_Task to carry out_: The response must be the exact lines from the one that contains "80mm Triangular Carbide" through the end of the material, with no pictures and no additional lines.

_Task material_:
§

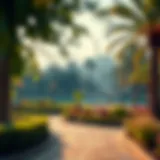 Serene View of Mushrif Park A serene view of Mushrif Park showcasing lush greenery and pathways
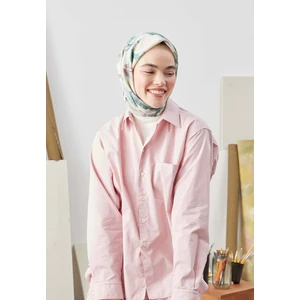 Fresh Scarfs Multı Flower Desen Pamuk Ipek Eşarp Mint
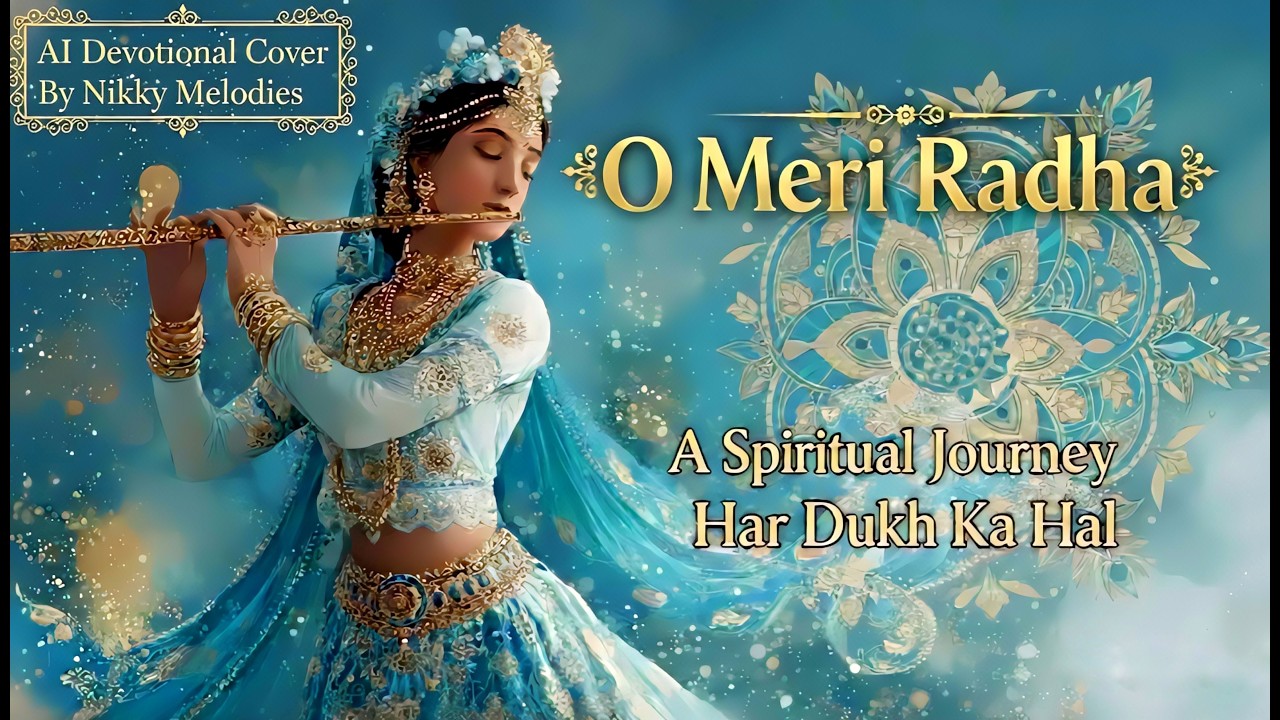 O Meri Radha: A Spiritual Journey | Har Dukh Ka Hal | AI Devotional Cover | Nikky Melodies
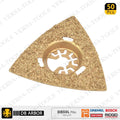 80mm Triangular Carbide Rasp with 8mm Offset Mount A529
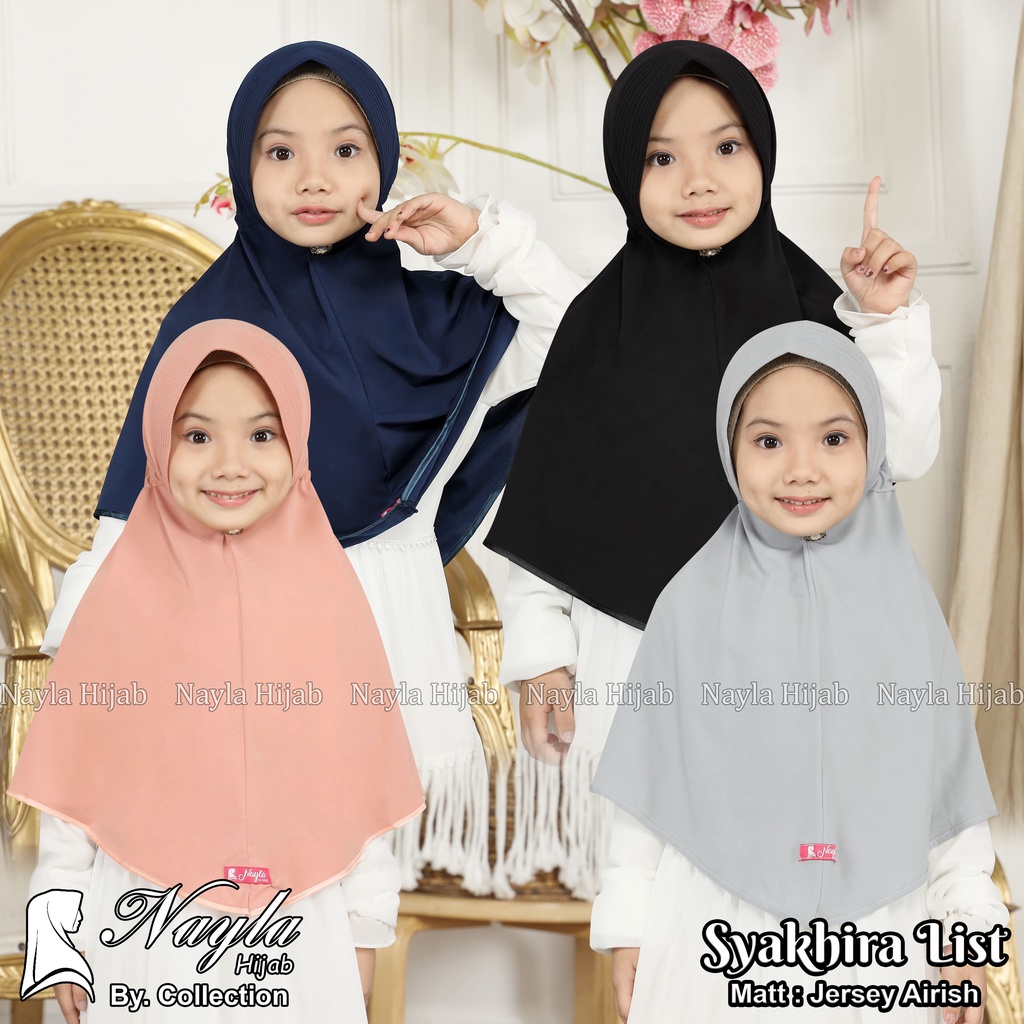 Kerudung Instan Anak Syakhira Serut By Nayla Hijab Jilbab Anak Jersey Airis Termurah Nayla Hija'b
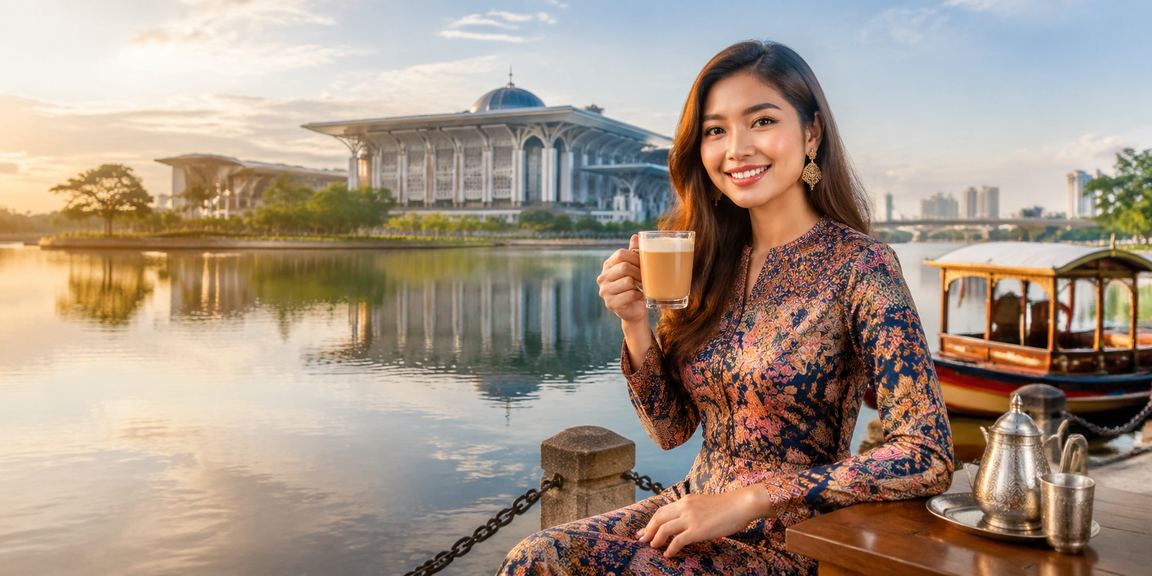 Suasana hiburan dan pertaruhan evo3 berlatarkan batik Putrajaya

§

_Answer space_:
 80mm Triangular Carbide Rasp with 8mm Offset Mount A529
 Kerudung Instan Anak Syakhira Serut By Nayla Hijab Jilbab Anak Jersey Airis Termurah Nayla Hija'b
 Suasana hiburan dan pertaruhan evo3 berlatarkan batik Putrajaya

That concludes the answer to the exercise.